For rest of regular season, O's telecasts limited to HTS

September 22, 1992|By David Zurawik | David Zurawik,Television Critic

The Orioles play on Channel 2.

Nnnnnoooottttt.

Not any more this year, anyway.

If you want to see the O's, you had better have not only basic cable, but also Home Team Sports. HTS is basic cable in some areas, such as Anne Arundel County, but a premium channel in others, including Baltimore and Baltimore County. All three games of the Blue Jay series, tonight, tomorrow and Thursday, are on HTS. No more "free" TV for Orioles' fans. The last "free" game was last night from Milwaukee.

It probably won't make die-hard Orioles' fans who don't have cable TV feel any less like "have-nots," but there are reasons that Channel 2 won't be carrying the Toronto series.

If you want an easy explanation, blame it on the new fall season and the return of such shows as "Cheers" on Thursday night.

"We clearly try to stay away from premiere week when picking games for our TV schedule," Emily Barr, director of broadcast operations at Channel 2, said.

But it's not as simple as saying the Orioles and Blue Jays are not on "free" TV simply because Channel 2 didn't want to pre-empt hit network shows during premiere week, Barr said.

Channel 2 starts putting together its Orioles' TV schedule for next year "right after the end of the preceding season," according to Barr.

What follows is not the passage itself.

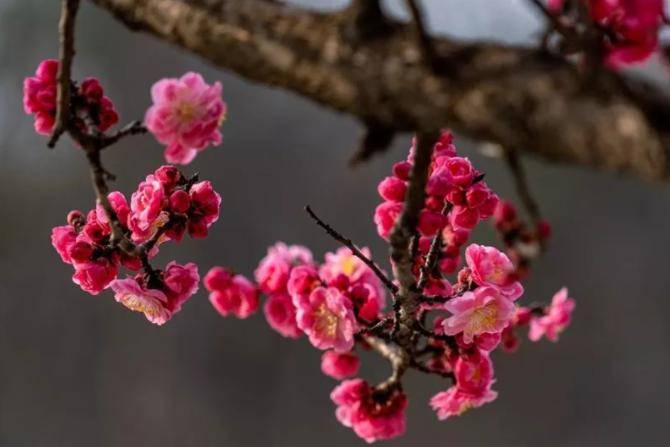 一年复始,万象更新,于此春木之气始至,东风蓄满了梅子色.眼下,正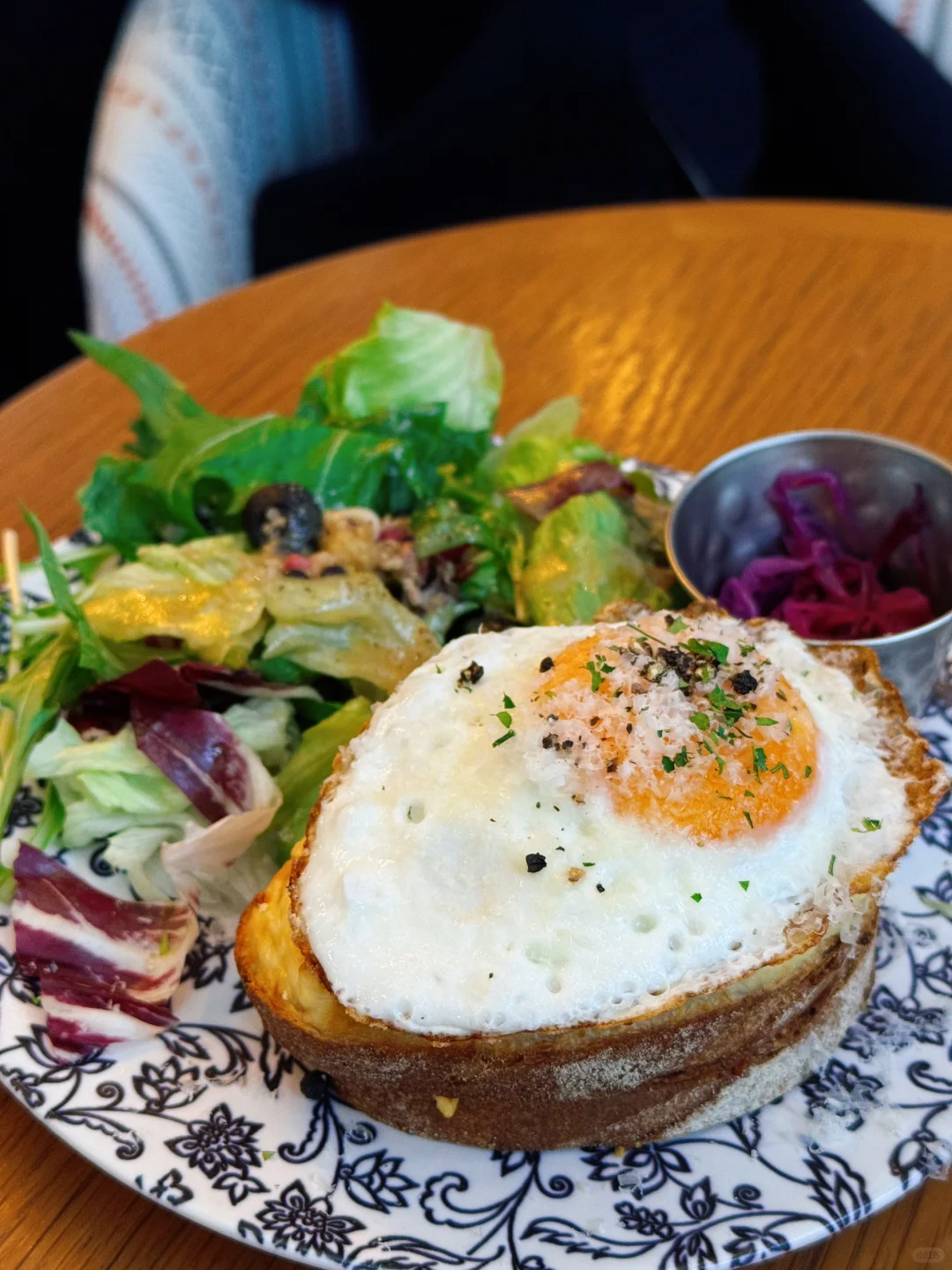 Japan Foodie Adventures Vol. 1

Channel 2 and HTS then send their lists of selected games to Orioles' management. The Orioles decide who gets which games by February.

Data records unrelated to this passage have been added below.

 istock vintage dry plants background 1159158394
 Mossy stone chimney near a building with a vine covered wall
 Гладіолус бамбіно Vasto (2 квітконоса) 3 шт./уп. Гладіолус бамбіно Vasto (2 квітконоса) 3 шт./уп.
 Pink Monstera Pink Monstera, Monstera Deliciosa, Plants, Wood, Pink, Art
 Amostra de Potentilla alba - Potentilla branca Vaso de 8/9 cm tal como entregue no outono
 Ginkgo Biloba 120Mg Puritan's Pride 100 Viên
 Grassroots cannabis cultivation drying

"From that point on," Barr said, "the schedules are set. It's very hard to change anything around."

Barr said that Channel 2 management, like just about everybody else who believed in the Orioles, suspected the Blue Jays' series might be a important one, but that there were several problems with it from their point of view, which resulted in them taking a pass on that series and selecting others, like the one that just ended in Milwaukee.

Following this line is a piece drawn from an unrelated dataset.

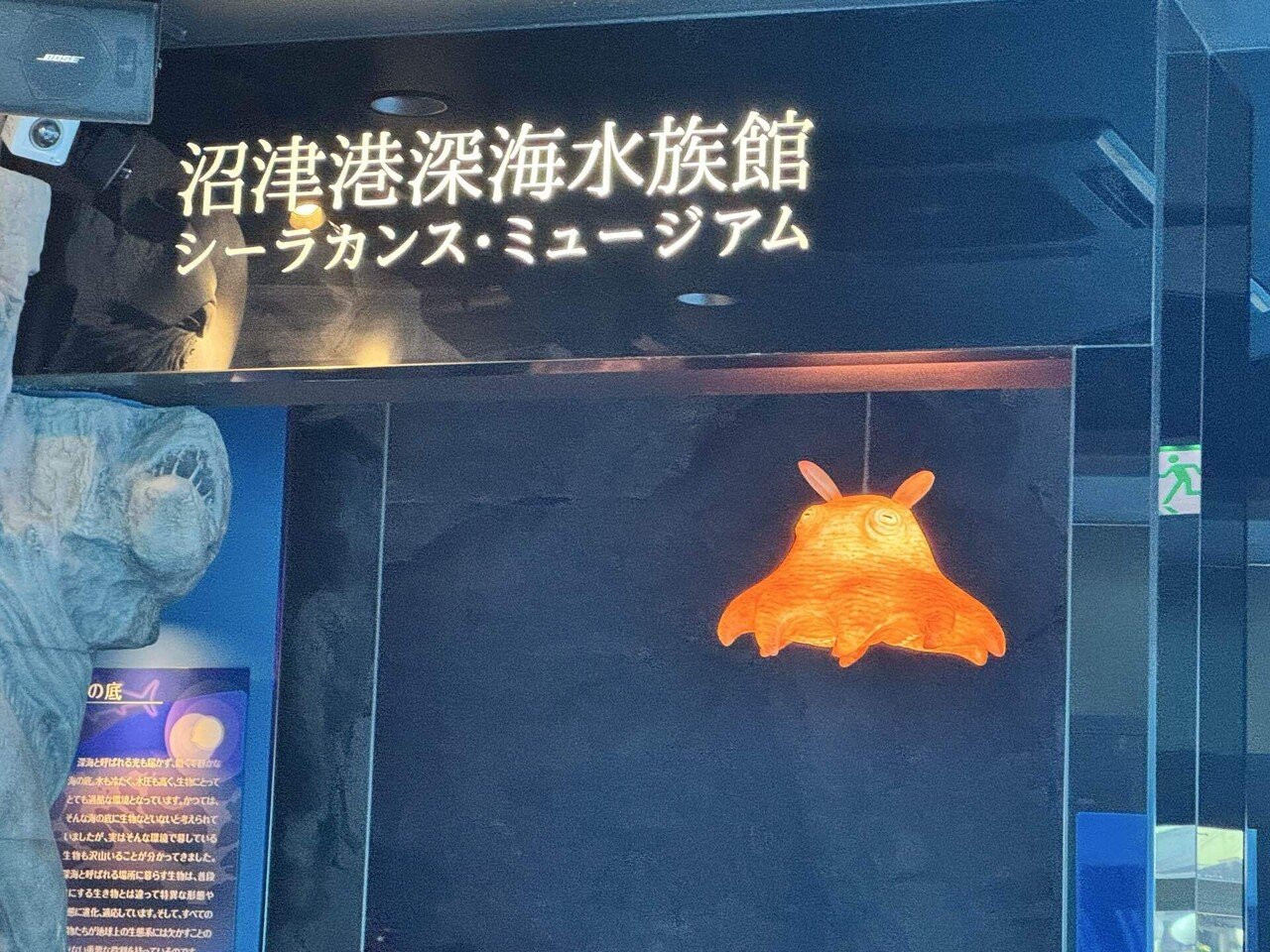 26年1月 熱海・三島・沼津の旅⑦ 沼津港深海水族館の魅力的な生物たち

First, even though they weren't sure exactly when NBC's premiere week would be, they were pretty certain -- based on past years -- that the new season would be under way by tonight.

Second, the series involved a Wednesday night game. ESPN has rights to Wednesday and Sunday night games, which means they could have come in at the last minute and snatched one of the games from Channel 2.

Third, it involved a Thursday night. "And we have tried to stay away from Thursdays, because it has traditionally been a strong night for NBC. . . . If you look at our schedule across the year, a lot of it is Monday, Tuesday, Friday and Saturday nights."

Channel 2 had the Brewers' series Friday and Monday. It would have also had Saturday's game, except for another catch in the complicated process of scheduling TV games in a multichannel universe: the fact that CBS has first rights to any games it wants, and it decided that it wanted Saturday's Orioles' game. "That's why we try to stay with late or evening games on Saturday," Barr said.

Is there any hope for Orioles' fans of seeing their team on "free" TV again this year outside of what today seems like the very long shot of playoffs or the World Series?

Barr said there's a slim chance Channel 2 might be able to broadcast an extra game or two out of the final series Oct. 1 through 4 with Cleveland.

"If the Cleveland games were to matter," Barr said, "there's a chance. I don't know if we'd be allowed to carry anything at this point. But we have had preliminary talks with the Orioles about it."